München – Der Kanzler sagt, für ihn schließe sich ein Kreis. Seine politische Karriere habe vor 35 Jahren in Brüssel begonnen, jetzt kehre er als Regierungschef dorthin zurück. „Für mich ist das ein bisschen ‚coming home to Europe‘“, meint Friedrich Merz (CDU), als er am Freitag neben EU-Kommissionschefin Ursula von der Leyen steht. Dabei hat er, gerade drei Tage im Amt, Europa schon ein wenig durchgerüttelt.

Grund ist der schärfere Migrationskurs, der mehr Grenzkontrollen bedeutet und zu deutlich mehr Zurückweisungen führen soll, Asylsuchende inklusive. In Polen ist man darüber nicht sehr glücklich, auch Österreich pocht auf die Einhaltung von EU-Recht. Merz wiederum, der in Europa integrativ wirken will, bemüht sich bei seinem Antrittsbesuch in Brüssel um Besänftigung. „Es gibt hier keinen deutschen Alleingang“, betont er. Die Nachbarn seien informiert, alles sei im Einklang mit EU-Recht.

Die Frage, wie weit die neue schwarz-rote Regierung für die versprochene Migrationswende geht, sorgt allerdings auch hierzulande für Verwirrung. Berichte, er habe eine „nationale Notlage“ ausgerufen, wies der Kanzler am Freitag zurück, nachdem sein Sprecher dies schon tags zuvor dementiert hatte. Parallel dazu spielte der neue Innenminister Alexander Dobrindt (CSU) im ZDF aber auf Artikel 72 des Vertrags über die Arbeitsweise der Europäischen Union an. Der ist, auch wenn der Begriff darin nicht fällt, eine Notlagen-Regelung.

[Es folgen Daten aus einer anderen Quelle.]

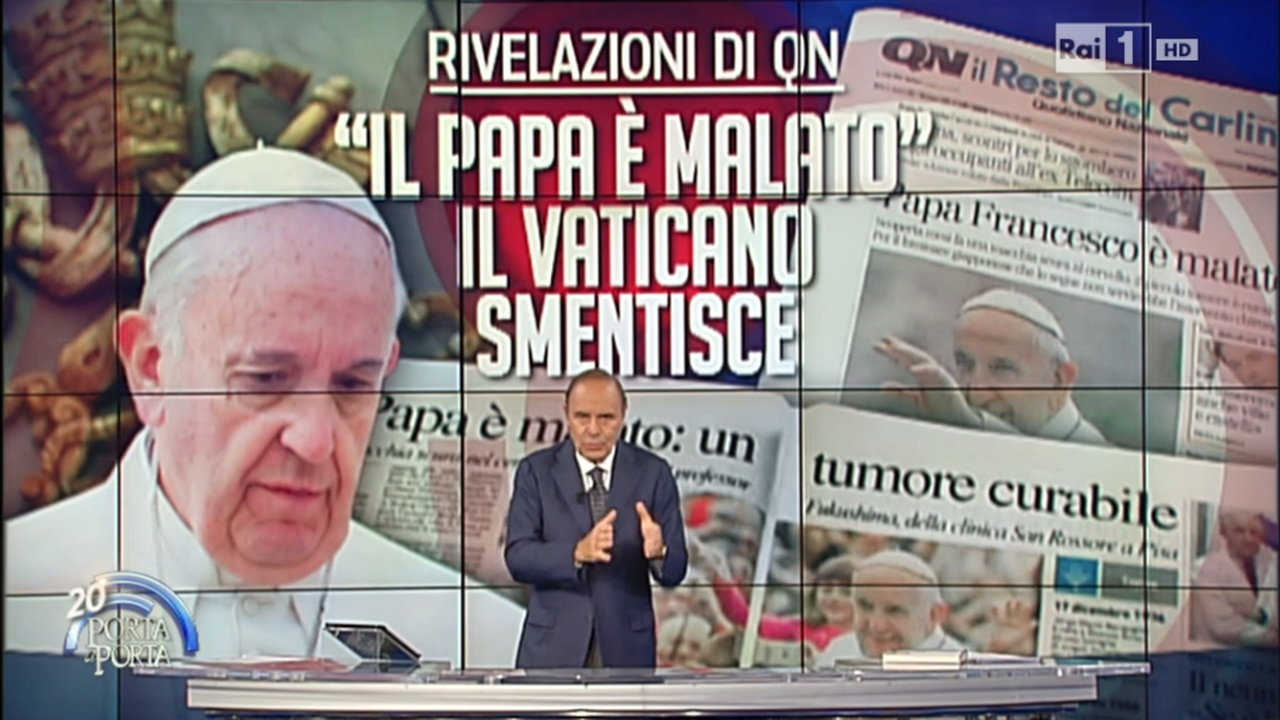 Il tumore del Papa, Porta a Porta e la richiesta di dimissioni di Bruno Vespa da direttore editoriale di Qn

Artikel 72 erlaubt es den Mitgliedstaaten, unter bestimmten Umständen von EU-Regeln abzuweichen, um die „Aufrechterhaltung der öffentlichen Ordnung und den Schutz der inneren Sicherheit“ zu gewährleisten. Zeitweise steht dann nationales Recht wieder über EU-Recht. Eine konkrete Folge ist das Aussetzen des Dublin-Abkommens: Statt Asylbewerber über ein kompliziertes Verfahren dorthin zurückzuschicken, wo sie erstmals EU-Boden betreten haben, weist man sie an der Grenze ab.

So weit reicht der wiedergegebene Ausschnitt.